Data provided:
-------

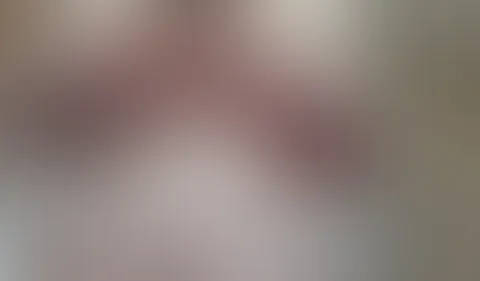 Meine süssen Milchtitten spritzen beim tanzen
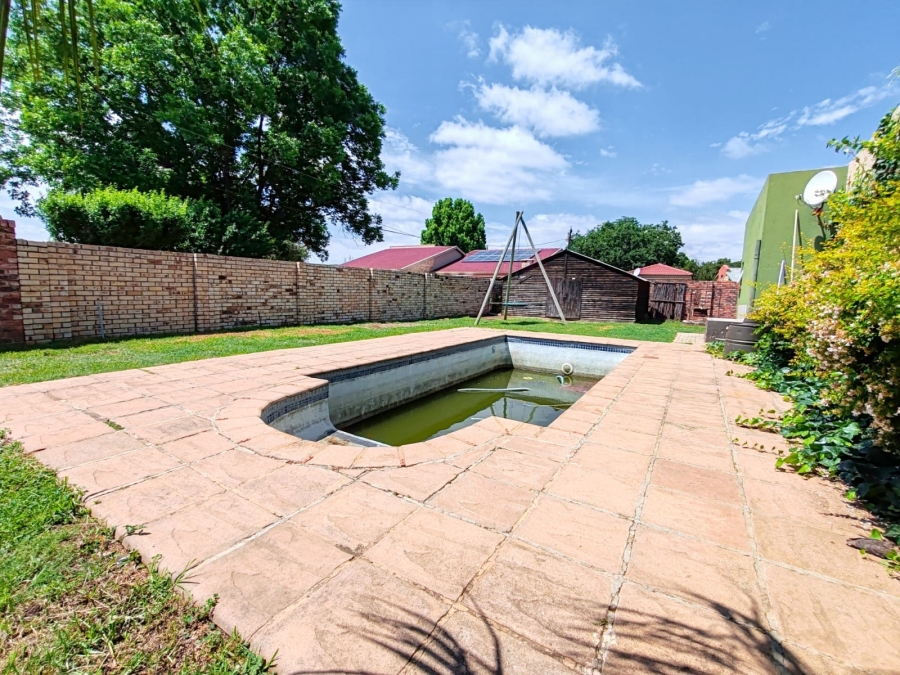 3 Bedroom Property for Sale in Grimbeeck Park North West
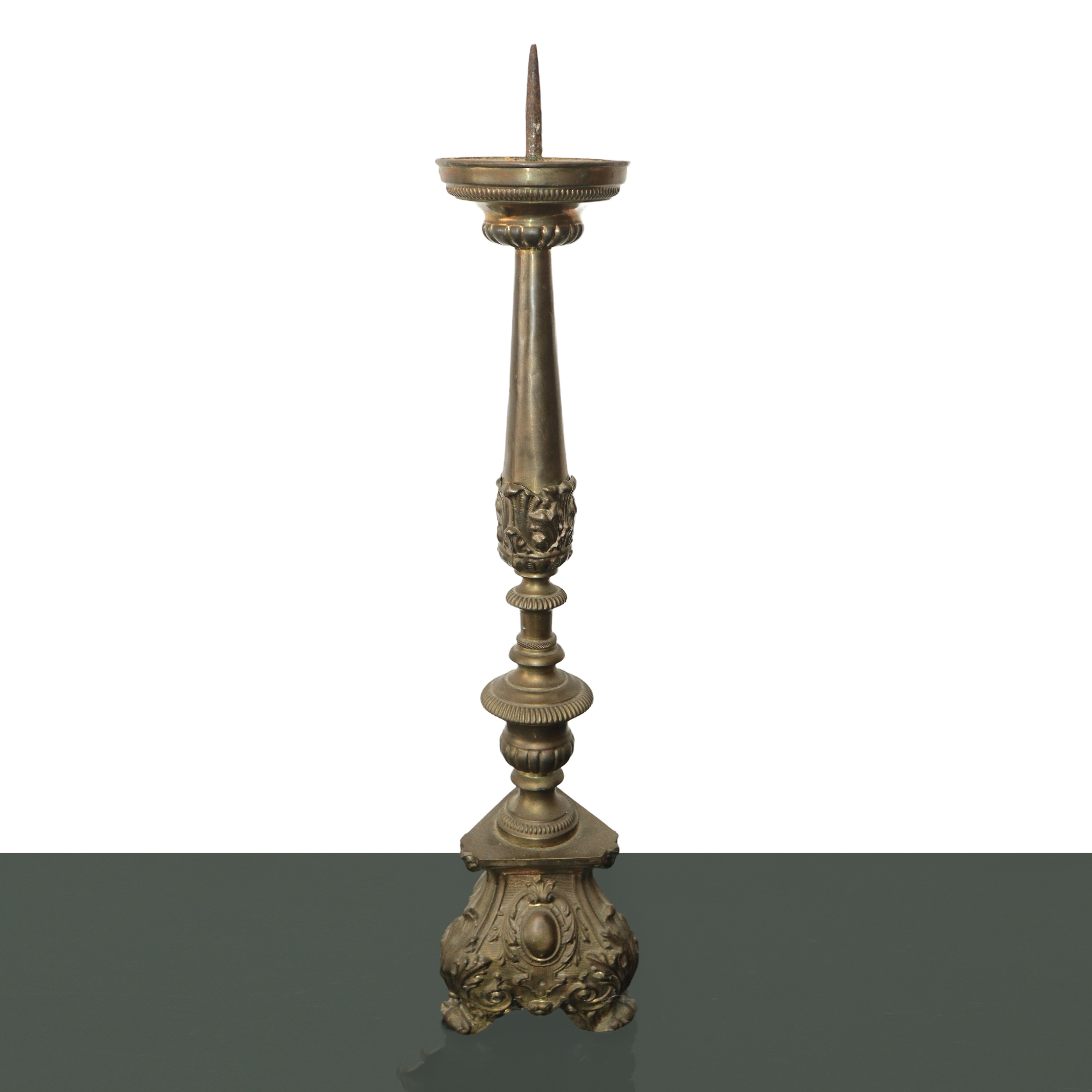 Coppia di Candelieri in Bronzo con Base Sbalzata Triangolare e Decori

-------

Please reproduce the material above word for word, without its images.

 Meine süssen Milchtitten spritzen beim tanzen
 3 Bedroom Property for Sale in Grimbeeck Park North West
 Coppia di Candelieri in Bronzo con Base Sbalzata Triangolare e Decori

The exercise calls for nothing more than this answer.